開発とビジネス

開発者じゃないビジネス担当の方がこんなことを言っていてすごくもやもやしていた。

開発者が技術力を発揮して良いサービスを創ろうと考えるのは自由だが、それをビジネス側に押し付けないでほしい。良いサービスとビジネスで成功するかは別問題。

これは全くその通りなのだけど、何かおかしいと思っていた。

私はプログラマーなので、多少は身内びいきのバイアスがかかるのを考慮して読んでほしい。

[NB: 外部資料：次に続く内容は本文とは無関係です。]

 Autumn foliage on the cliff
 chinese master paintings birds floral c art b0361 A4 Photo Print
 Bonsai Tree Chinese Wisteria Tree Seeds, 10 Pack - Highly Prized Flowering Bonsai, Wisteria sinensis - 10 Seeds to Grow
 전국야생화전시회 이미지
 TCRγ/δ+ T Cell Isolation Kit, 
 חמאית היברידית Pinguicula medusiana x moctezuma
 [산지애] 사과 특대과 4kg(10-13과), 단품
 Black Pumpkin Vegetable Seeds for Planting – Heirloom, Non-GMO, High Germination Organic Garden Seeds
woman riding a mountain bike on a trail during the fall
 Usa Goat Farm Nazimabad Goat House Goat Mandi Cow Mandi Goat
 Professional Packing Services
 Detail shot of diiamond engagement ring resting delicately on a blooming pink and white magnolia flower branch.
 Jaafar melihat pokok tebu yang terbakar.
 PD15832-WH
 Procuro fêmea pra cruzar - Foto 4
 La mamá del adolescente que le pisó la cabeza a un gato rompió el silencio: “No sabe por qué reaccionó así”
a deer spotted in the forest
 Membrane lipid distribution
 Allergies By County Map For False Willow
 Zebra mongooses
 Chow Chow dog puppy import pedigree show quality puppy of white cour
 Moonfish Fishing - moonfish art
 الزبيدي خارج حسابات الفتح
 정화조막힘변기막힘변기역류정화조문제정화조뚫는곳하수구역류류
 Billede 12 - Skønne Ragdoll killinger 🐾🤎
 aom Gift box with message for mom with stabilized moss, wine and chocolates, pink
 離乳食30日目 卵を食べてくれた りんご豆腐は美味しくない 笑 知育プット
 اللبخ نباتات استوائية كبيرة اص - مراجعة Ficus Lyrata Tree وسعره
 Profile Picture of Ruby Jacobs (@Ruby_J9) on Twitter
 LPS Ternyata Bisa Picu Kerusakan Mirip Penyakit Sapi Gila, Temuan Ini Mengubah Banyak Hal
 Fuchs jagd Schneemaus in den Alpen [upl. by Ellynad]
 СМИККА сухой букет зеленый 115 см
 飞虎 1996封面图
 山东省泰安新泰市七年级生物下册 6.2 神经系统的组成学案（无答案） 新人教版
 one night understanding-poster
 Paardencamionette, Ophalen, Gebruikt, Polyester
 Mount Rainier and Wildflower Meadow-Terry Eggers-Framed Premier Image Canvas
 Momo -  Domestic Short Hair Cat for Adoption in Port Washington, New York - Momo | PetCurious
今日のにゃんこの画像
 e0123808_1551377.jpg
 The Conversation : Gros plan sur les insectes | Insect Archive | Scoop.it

ここ最近、経営者や営業さん、ビジネスディレクターといった開発者ではない人が、開発者にビジネスを理解しろという場面が私の周りでは増えた。私が経営の不安定な小さいベンチャー企業でばかり働いてきたのもある。

実際、Googlefacebook のような、開発者 = 経営者の大成功を収めたベンチャー起業もたくさん目の当たりにするようになった。

もちろん開発者が財務の数字を理解することは良いことだし、会社としての戦略、顧客の空気を読んで行動するのも良いことだろう。しかしそれは、例えば、いずれコンサルになりたいとか、経営者やマネージャーになりたいとか、個々人のキャリア戦略にあうものが望ましいと私は思う。

開発のスペシャリストを目指すなら、経営や財務が分からなくて良いから、一般の開発者が1年かかることを1ヶ月でできるスペシャリストの方が会社にとって遥かに魅力的だろう。私が働いてきたベンチャーでは、ビジネス側の方にこういう考えが欠落しているように思えた。というのは、開発者は求人すればいくらでも替えがきくと思っているからだ。

冒頭で引用した言葉は、開発者が提案したビジネスサービスに対して、ビジネス側の方が発した言葉だが、こんなことを言われると、開発者は「じゃあ、あとは勝手にそっちでやってくれ。」とへそを曲げてしまうだろう。私ならそうする。私は開発者であって、ビジネスディレクターではないからだ。

開発者にビジネスを理解しろと言いたくなる方は、その前に立ち止まって考えてほしい。そう言うあなたは、

  • 開発の要素技術に詳しいですか?
  • プログラミングができますか?
  • 開発の現場を経験したことがありますか?

書店に行けば、開発に関する書籍はたくさんある。何冊か読めば分かった気にはなるだろう。

現場の (まともな) 開発者は、そんなことは百も承知だ。分かっていてもうまくできないことの方が多い。納期との兼ね合い、歴史的な背景、設計の不備、開発チームの体制、そういった実際の業務とソフトウェアの複雑さに対して、常に葛藤しながら日々努力をしているのが開発者だ。

ビジネス側の方は、開発者のために何ができるだろう?と考えれば、ビジネスを理解しろといった要求にはならないはずだ。

私ならこういうビジネスにしていこうと考えるけれど、それは技術的にどういう難しさがあって、開発にどのぐらいかかりそうか教えてほしい。

こういう謙虚な姿勢が望ましいだろう。

ビジネスを理解していない開発者はダメだみたいな言い方をしてはならない。間違いなく、あなたは開発を理解していないビジネス担当者なのだから。